Anderthalb Jahre später hat sich an dieser Lust und Entschlossenheit kein Deut geändert. Wann immer ich gefragt werde, ob ich den Schritt bereut habe (und ich werde tatsächlich häufiger gefragt), verneine ich prompt, ohne einen Moment nachzudenken.

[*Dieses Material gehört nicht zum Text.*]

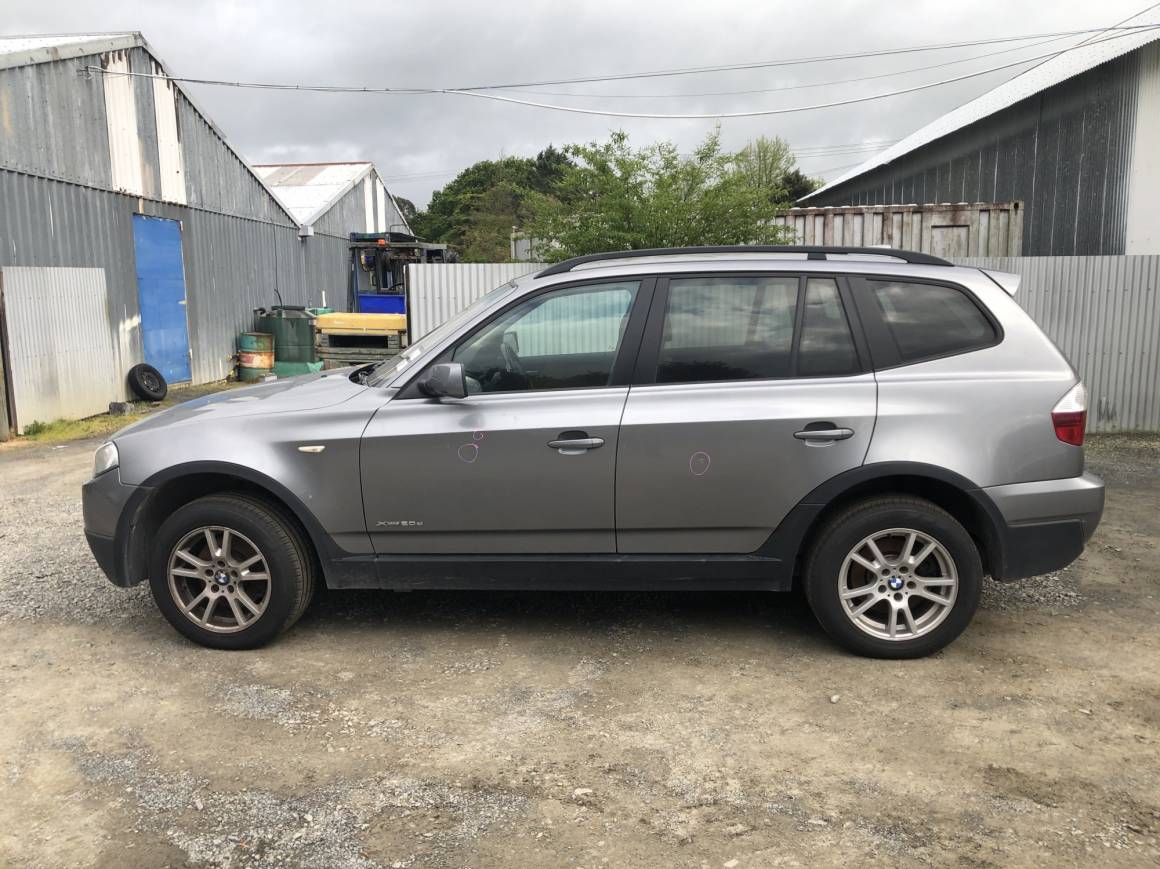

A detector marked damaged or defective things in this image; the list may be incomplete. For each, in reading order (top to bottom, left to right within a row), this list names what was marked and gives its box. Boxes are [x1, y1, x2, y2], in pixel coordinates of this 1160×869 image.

rusty barrel [236, 329, 272, 380] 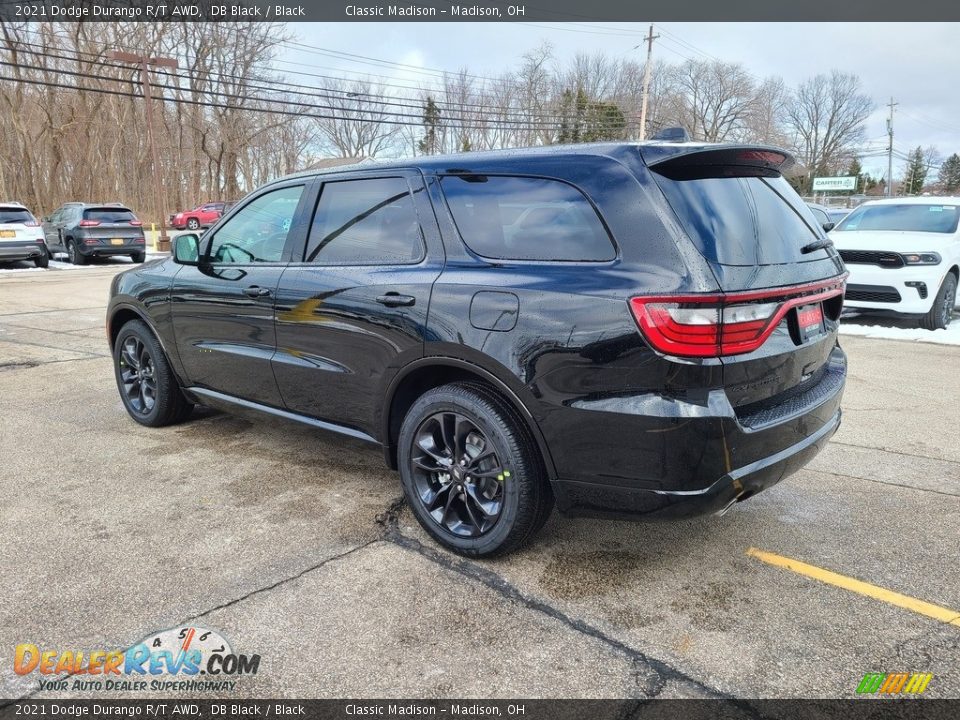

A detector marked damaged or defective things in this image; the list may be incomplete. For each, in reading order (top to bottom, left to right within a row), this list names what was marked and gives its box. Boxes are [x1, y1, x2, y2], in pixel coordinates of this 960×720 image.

cracked pavement [0, 264, 956, 696] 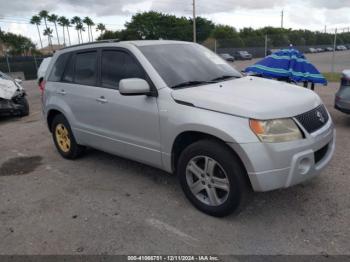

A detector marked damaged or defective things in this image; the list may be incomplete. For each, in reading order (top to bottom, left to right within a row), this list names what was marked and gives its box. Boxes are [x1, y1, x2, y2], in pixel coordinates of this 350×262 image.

damaged car [0, 71, 29, 117] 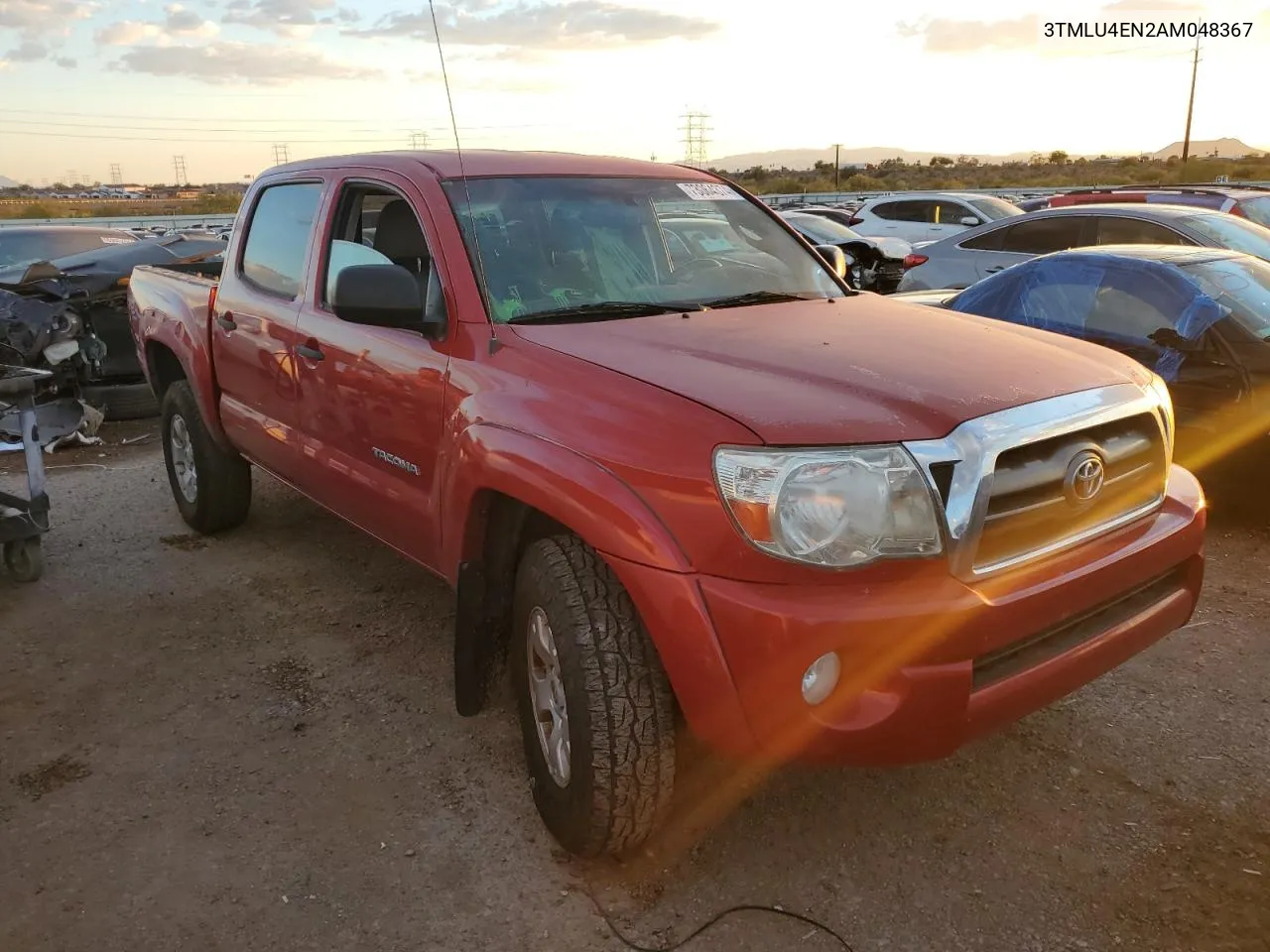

Und doch hat sich einiges geändert. In irgendeinem Interview habe ich mich einmal selbst als verlegerisches Greenhorn beschrieben, und das trifft auch zu. Nicht von vornherein das zu tun, was Verleger seit jeher tun, sondern vermeintlich Selbstverständliches zunächst in Frage zu stellen, hat uns als junges Team sicherlich nicht geschadet – im Hinblick auf das Ziel, ein nachhaltig profitables Unternehmen aufzubauen. Aber jetzt, an der Steilwand in den Dolomiten, geht es nicht um strategische Entscheidungen. Es geht um mehr.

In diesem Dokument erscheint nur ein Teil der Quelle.